2. Como me hice socialista.
Es bastante justo decir que yo llegué a ser socialista de manera muy semejante a aquella por la cual los teutones se convirtieron en cristianos, me hicieron a golpes. No solamente no estaba buscando al socialismo en la época de mi conversión, sino que lo estaba combatiendo. Era muy joven e inexperto, no sabía mucho de nada, y aunque nunca había oído hablar de una escuela llamada individualismo, cantaba el himno de los fuertes con todo mi corazón.
Eso sucedía porque yo mismo era fuerte. Por fuerte quiero decir que tenía buena salud y fuertes músculos, posesiones ambas fácilmente comprobables. En mi niñez había vivido en las haciendas de California, en mi adolescencia repartiendo diarios en las calles de una saludable ciudad del oeste, y en mi juventud, en las aguas cargadas de ozono de la bahía de San Francisco y del Océano Pacífico. Me gustaba la vida al aire libre y trabajaba a cielo abierto en los trabajos más duros.

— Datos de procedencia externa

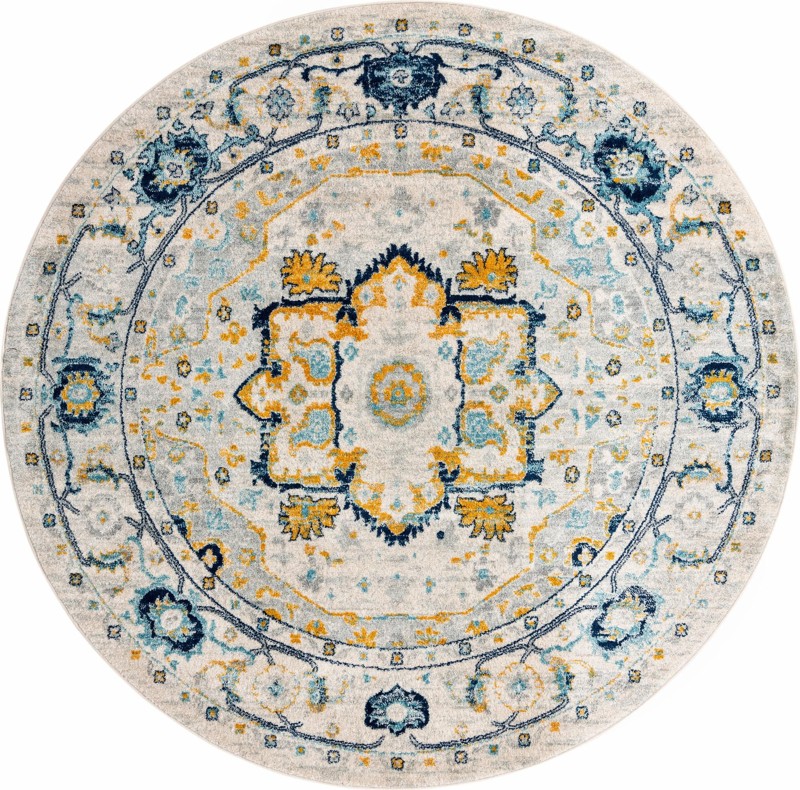 7' 10 x 7' 10 Pierce · Medallion rug, gray, blue and yellow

Sin aprender ninguna profesión, pero deslizándome de ocupación en ocupación, observé el mundo y lo consideré bueno, hasta en lo más insignificante. Permítanme repetir, ese optimismo se debía a que yo me sentía sano y fuerte, sin preocupaciones de dolores ni debilidades, nunca rechazado por el patrón porque pareciera incapaz, siempre apto para encontrar un trabajo como paleador de carbón, como marinero, o un trabajo manual.

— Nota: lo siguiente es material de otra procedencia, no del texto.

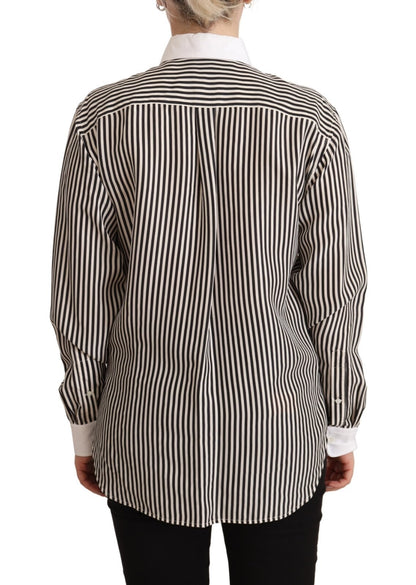 Polo Ralph Lauren Black White Striped Long Sleeves Collared Top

A causa de todo esto, exultante con mis
pocos años, capaz de mantenerme firme en el trabajo o en la lucha, era un
individualista desenfrenado. Era muy natural. Era un triunfador. Por eso yo
llamé al juego, mientras observaba cómo se desarrollaba, o pensaba que lo
hacía, un juego apropiado para HOMBRES. Ser un HOMBRE era escribirlo con
grandes mayúsculas en mi corazón. Arriesgarse como un hombre, pelear como un
hombre y hacer el trabajo de un hombre (aun por la paga de un niño), eran cosas
que me llegaban profundamente y que se apoderaban de mí como ninguna otra, y
miraba hacia adelante la perspectiva de un brumoso e interminable futuro en el
que, jugando lo que creía que era un juego de HOMBRES, continuaría viajando con
una salud inagotable, sin accidentes y con músculos siempre vigorosos. Como
digo, ese futuro era interminable. Podía verme a mí mismo, bramando por una
vida sin final como una de las rubias bestias de Nietzsche, vagando
lujuriosamente y conquistando por mi plena superioridad y fuerza. En cuanto a
los desafortunados, los enfermos, los achacosos, los viejos y mutilados, debo
confesar que había pensado muy poco en ellos, excepto que vagamente sentía que,
fuera de los accidentes, podían ser tan buenos como yo si lo deseaban con
verdadero ahínco y trabajar igualmente bien. ¿Accidentes? Bueno, representaban
al DESTINO, también deletreado con mayúsculas, y yo no estaba rondando el DESTINO.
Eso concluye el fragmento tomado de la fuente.